Featherstone was promoted by Toulouse last year but they will be back. Photography: Manuel Blondeau/SWpix/Rex/Shutterstock

It will be a major shock if someone stops the clubs with the biggest budgets and most stars from meeting in the Championship grand final: see for yourself when Featherstone Rovers host Leigh Centurions live on Premier Sports Monday evening. Both picked up comfortable first-round wins, as did Bradford Bulls and Newcastle Thunder – who went full-time – but in last season’s clash of beaten semi-finalists Halifax – which looks stronger on paper now – lost to Batley.

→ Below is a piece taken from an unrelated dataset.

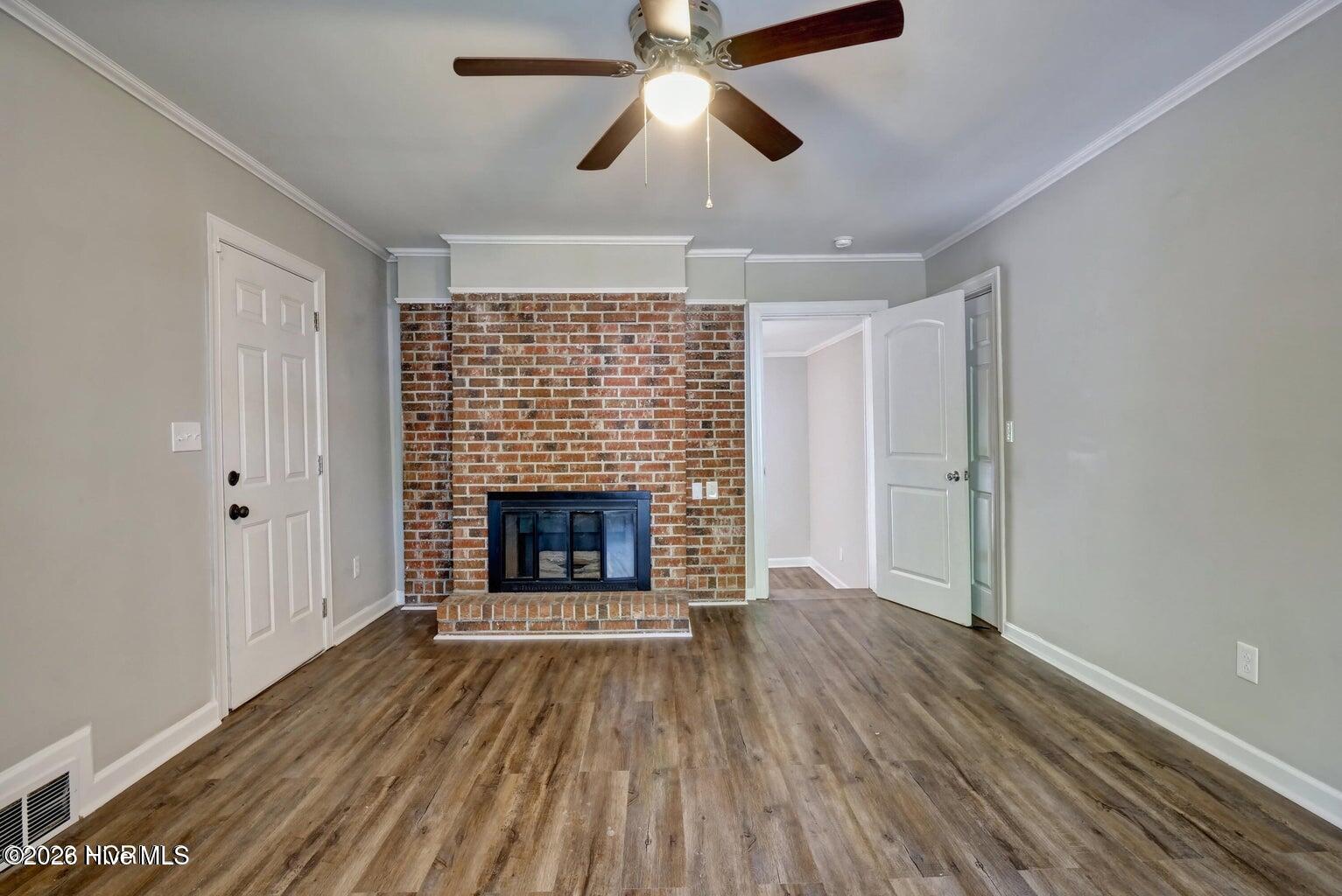 100556867 | Photo 16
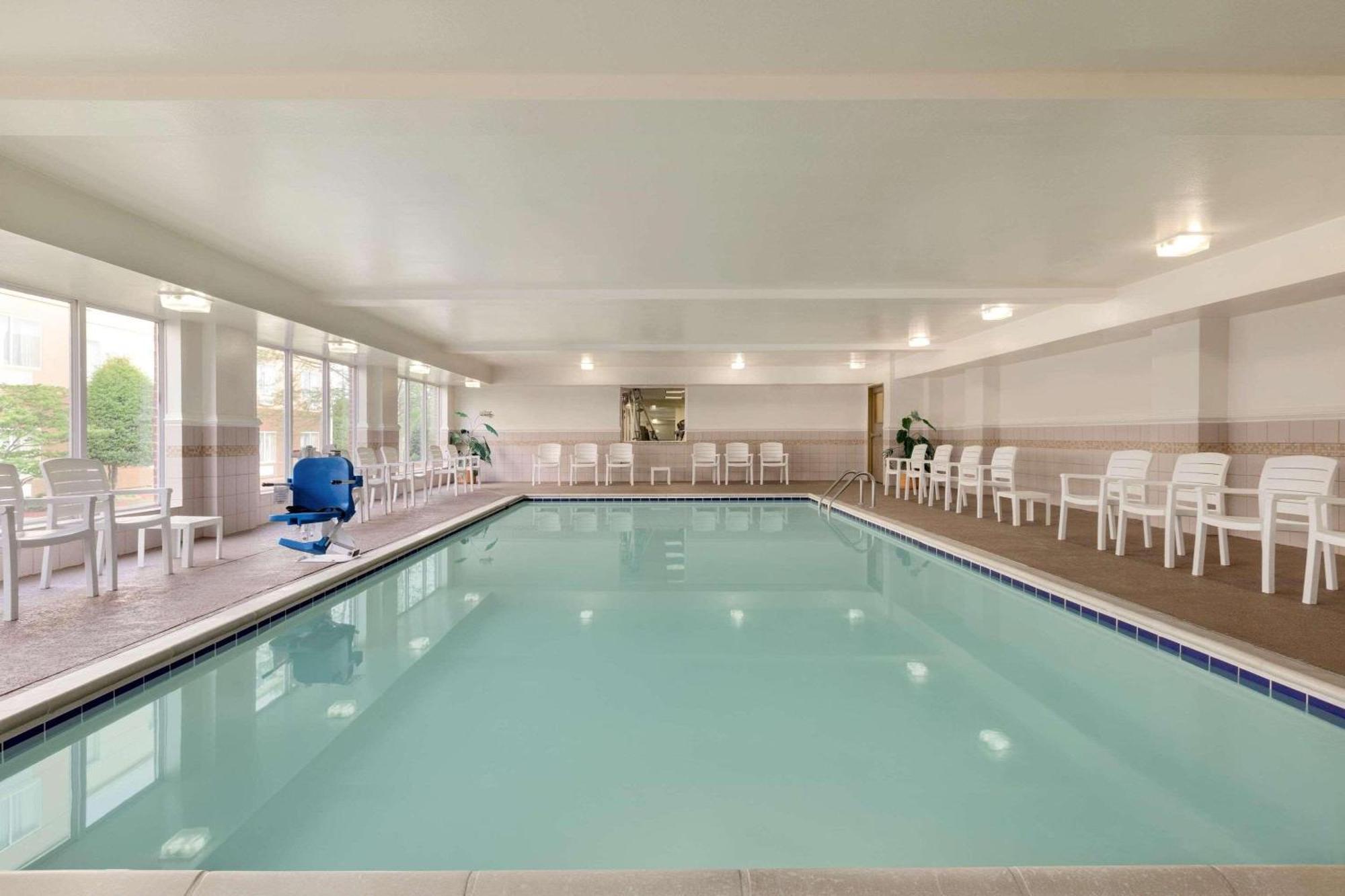 Country Inn & Suites By Radisson, Chester, Va Eksteriør billede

While Leigh has invested heavily in a management team of Chris Chester, Adrian Lam and Tony Clubb, the ambitious Featherstone, fed up with being the bridesmaids, means nothing. Their sizable budget not only attracted Dean Coach Brian McDermott, but also provided him with a hugely experienced squad to work with, which now includes Samoan international Joey Leilua, a two-time NRL Dally M Center of the Year with a past not so eventful. like tartan.

“Featherstone have brought in some quality players,” said Walker, who played for them as a full-back on loan from Wakefield in last October’s final loss to Toulouse. “They are my advice to finish top and be in the Million Pound Game, potentially against Leigh. Fev has a great team with real depth; it’s not just 17 years old.

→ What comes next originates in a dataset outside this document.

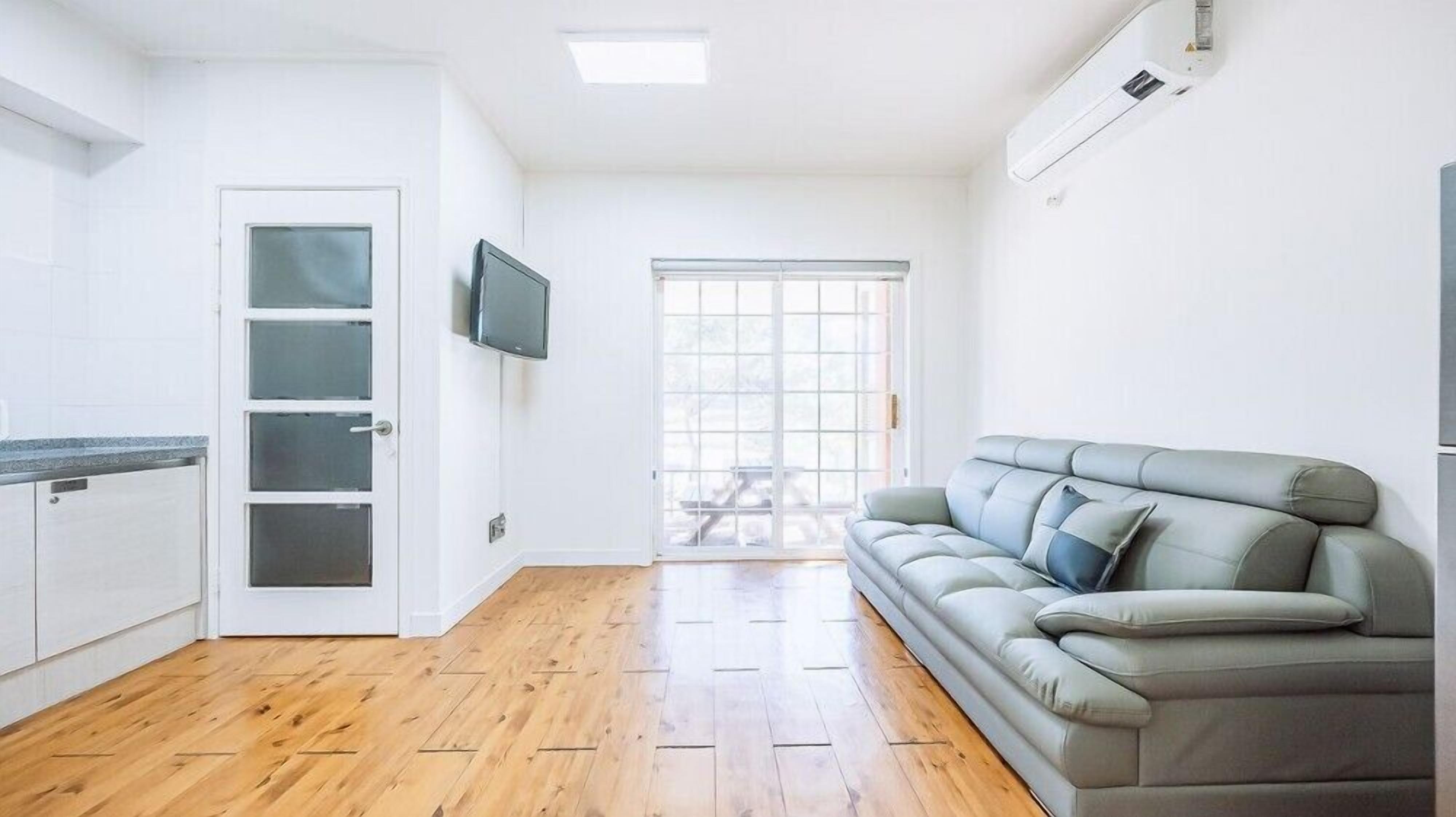Room (Massimo2)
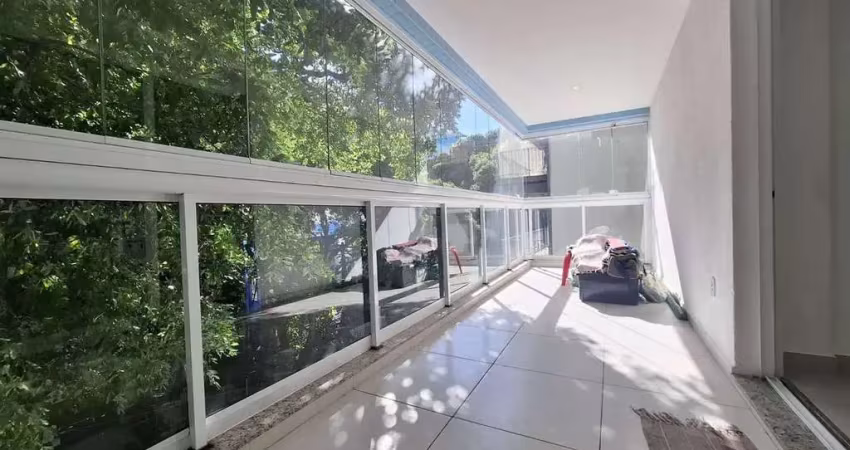 Seu lar dos sonhos está aqui! apartamento à venda na tijuca, na rua araújo pena, com varanda, 3 quartos (1 suíte), infraestrutura completa e 1 vaga. perfeito para quem deseja conforto e praticidade no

The Super League’s most successful manager, McDermott’s extraordinary success with the Leeds Rhinos sits alongside unexpected relegation battles with Leeds, a dismal start to 2020 with Toronto and failure to turn water into wine with the team US National and Oldham last year. But when it has the ingredients to work with, it usually delivers. After telling the media that “players should put their money on Leigh”, McDermott admitted there was “expectation, not pressure” at Fev. Expect him to continue his magnificent Grand Finals record in the fall.

World Cup to watch: Abevia McDonald, Jamaica

You can see Tottenham Hotspur’s stunning new home from the top of the stand at New River Stadium, about a mile west along White Hart Lane. So it was the perfect place to watch some of the early Challenge Cup action on Saturday, four months before the final at Spurs.

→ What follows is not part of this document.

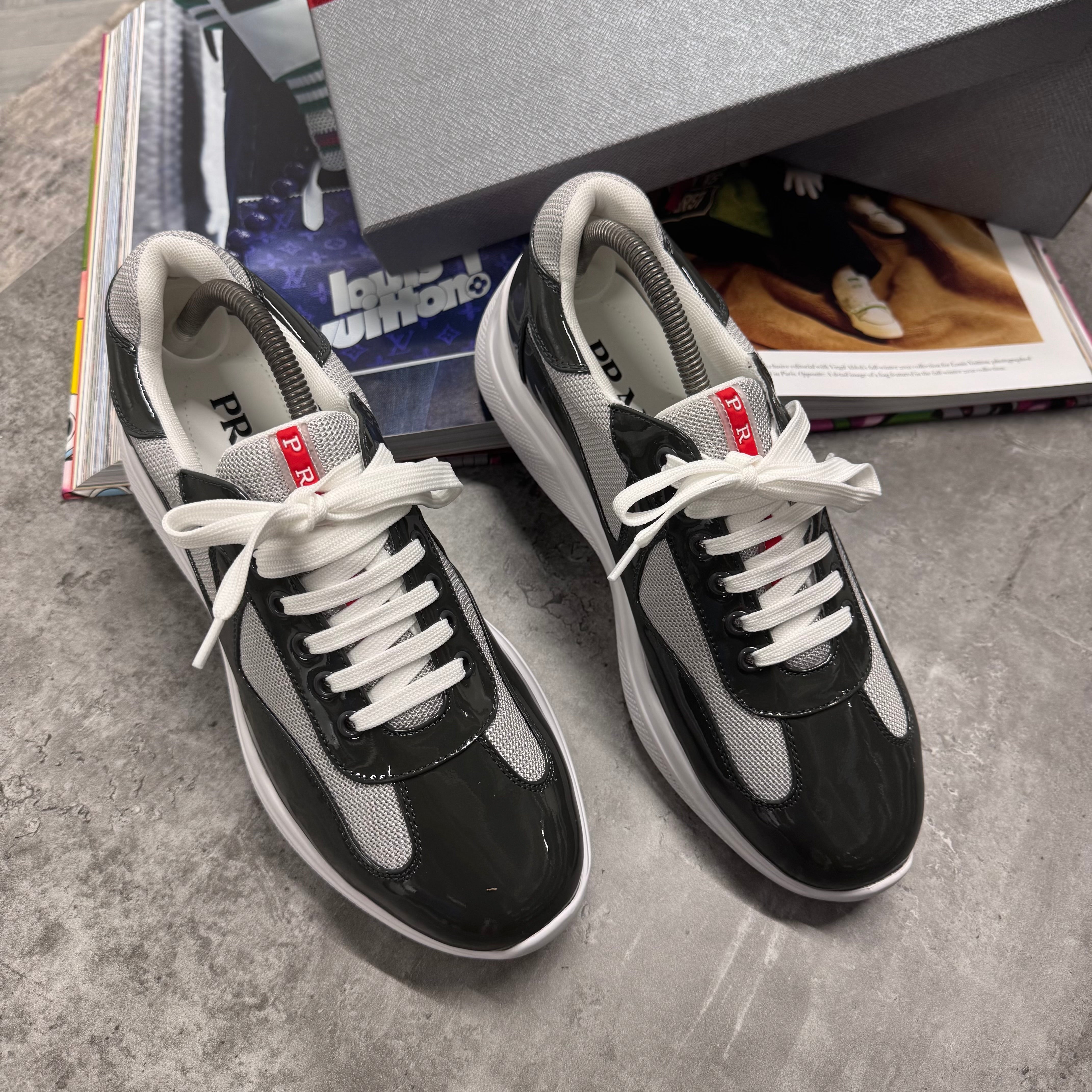 (PRE ORDER) PDA TRAINER - CHARCOAL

League One club London Skolars totally dominated the first 50 minutes against amateur opponents London Chargers, scoring six unanswered tries, including one by lanky Jamaican winger Abevia McDonald, who looked at home at this level and should contribute to the Reggae Warriors World Cup cause. October.

The Skolars were heading for a routine win when Clapham-based visitors’ hooker Eric Sims suddenly became a cross between Andy Gregory and Rangi Chase, creating two quick tries with stunning bursts and sublime passing that had the crowd screaming with appreciation. Skolars didn’t panic and emerged 40-22 winners. The only shock of the round came on Sunday night when fans at Castleford Lock Lane won at Oldham, who were competing in the Championship just four months ago. Their reward is a draw at home with Rochdale Hornets in the third round.

One last thing

As well as the return of rugby league to Premier Sports and its Channel 4 debut next week, the new season has seen the welcome return of Rugby League World Magazine after nearly two years of waiting. The glossy monthly was put on hold when the pandemic hit, but was brought back to life by publishers League Publications Limited under its first editor, longtime LPL staffer Lorraine Marsden. However, the LPL’s decision to bring back Rugby League World on a subscription-only basis makes Forty20 the only rugby league title available domestically from newsagents.